Der Tax-Shift drohte für die Föderalregierung zum Monster von Loch Ness zu werden: Seit Monaten versprach die Koalition sie, doch bislang hatte niemand etwas von der großen Steuerverschiebung gesehen. Jetzt liegt sie endlich vor und ist sogar umfangreicher als gedacht: 7,2 Milliarden Euro.
Damit sollen zunächst die Lohnkosten gesenkt werden. Der Arbeitgeberanteil sinkt von 33 auf 25 Prozent. Dadurch werden hiesige Arbeitsplätze gegenüber den Nachbarländern wettbewerbsfähiger. Außerdem soll in den Unternehmen dadurch Spielraum für neue Jobs entstehen, so die Hoffnung der Regierung.
Die Koalition verspricht auch mehr "Netto" vom "Brutto": Ab dem kommenden Jahr sollen zunächst die kleinen und mittleren Einkommen 100 Euro zusätzlich pro Monat in der Tasche haben – später sollen auch die höheren Einkommensklassen von den Steuersenkungen profitieren.
"Gesundheits-Abgabe"
Der Tax-Shift ist aber – wie der Name es schon sagt – in erster Linie eine Steuerverschiebung. Die Mehrwertsteuer auf Strom etwa steigt zum 1. Oktober wieder von sechs auf 21 Prozent, die Abgaben auf Diesel, Tabak und Alkohol werden erhöht.
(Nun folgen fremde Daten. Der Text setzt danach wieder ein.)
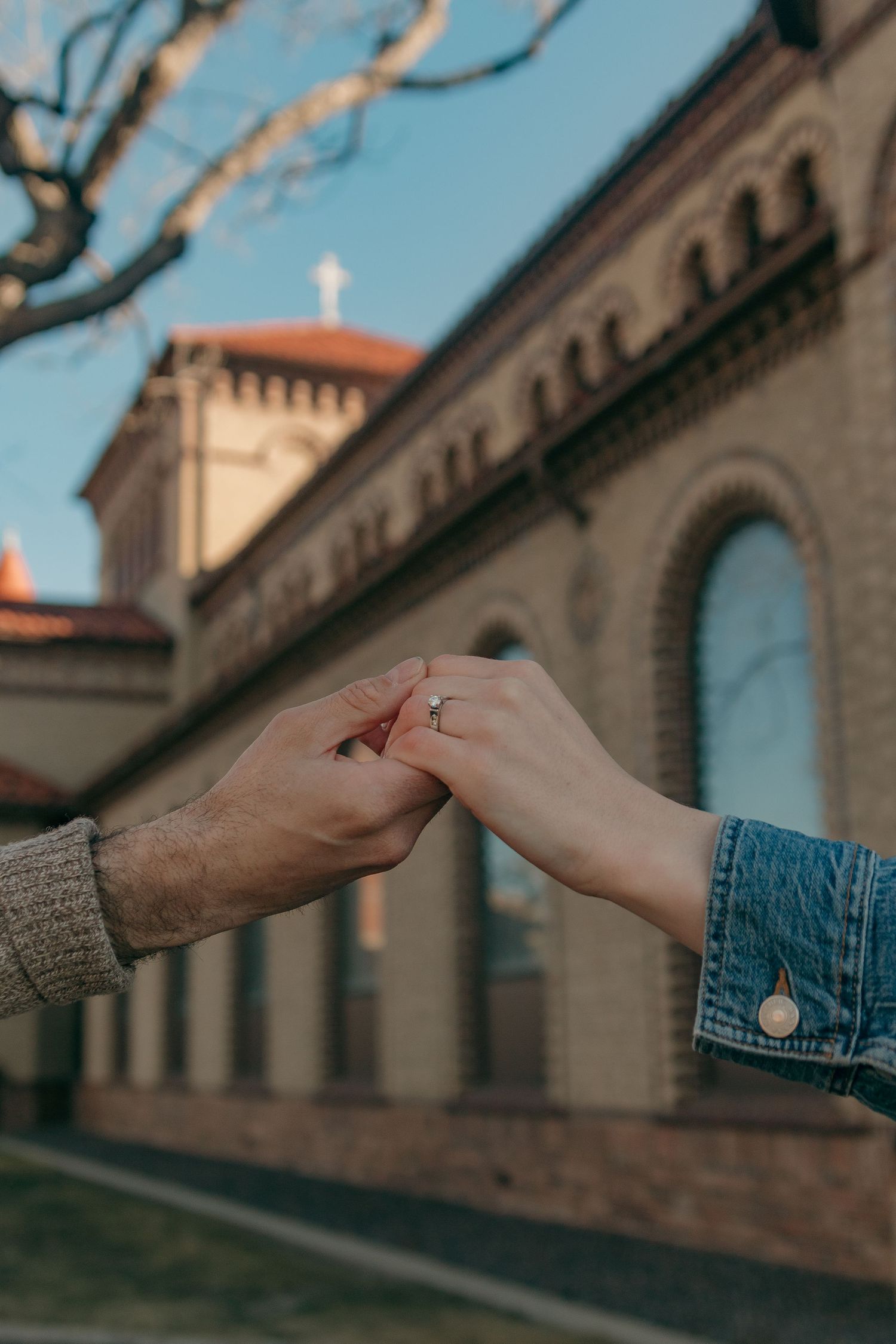 Two hands reaching out to touch each other against a backdrop of historic stone architecture with arched windows.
Es wird eine Art Gesundheits-Abgabe, eine neue Steuer auf fettige Lebensmittel wie zuckerhaltige Getränke geben.
Die Quellensteuer soll künftig von 25 auf 27 Prozent angehoben werden – ausgenommen ist lediglich das klassische Sparkonto. Eine Vermögenssteuer wird es so zwar nicht geben, aber die Föderalregierung führt eine Steuer auf spekulatives Verhalten an der Börse ein: Wer seine Aktien weniger als sechs Monate behält, wird auf den Verkauf der Anteile besteuert. Das ist gemeinsam mit der Abgabe auf Geld in Steuerparadiesen die Trophäe, die die flämischen Christdemokraten von der CD&V unbedingt einstreichen wollten.
Haushaltsnachbesserung
Neben der Steuerreform galt es ja auch, den laufenden und den nächstjährigen Haushalt nachzubessern - immerhin ging es um 1,7 Milliarden Euro. Das ist ebenfalls gelungen, meldet die Regierung. Hier soll die Anstrengung nach Angeben aus Regierungskreisen alleine durch Einsparungen erfolgen - also keine zusätzliche Steuern für die Bürger.
Der Staat wird 700 Millionen Euro bei sich selbst sparen müssen. Außerdem will die Regierung die Arbeitgeber ermutigen, definitiv auf Frührenten zu verzichten. Und es gibt keinen lebenslänglichen Anspruch mehr auf Arbeitslosengeld: Nur wer mindestens 25 Jahre in die Sozialsysteme eingezahlt hat, der soll auch weiterhin bis zur Rente Arbeitslosenunterstützung beziehen dürfen.
Reaktionen
Die Parteien der Föderalregierung (N-VA, CD&V, OpenVLD und MR) sagen, sie haben Wort gehalten und eine Einigung vorgelegt, die Haushaltsstabilität ermöglicht, mehr Kaufkraft für die Bürger und mehr Wettbewerbsfähigkeit für die Unternehmen. Die Opposition - allen voran die PS - spricht von einer schlechten Einigung. Mal wieder würden die Bürger zur Kasse gebeten, außerdem gebe es keine Garantie für neue Jobs.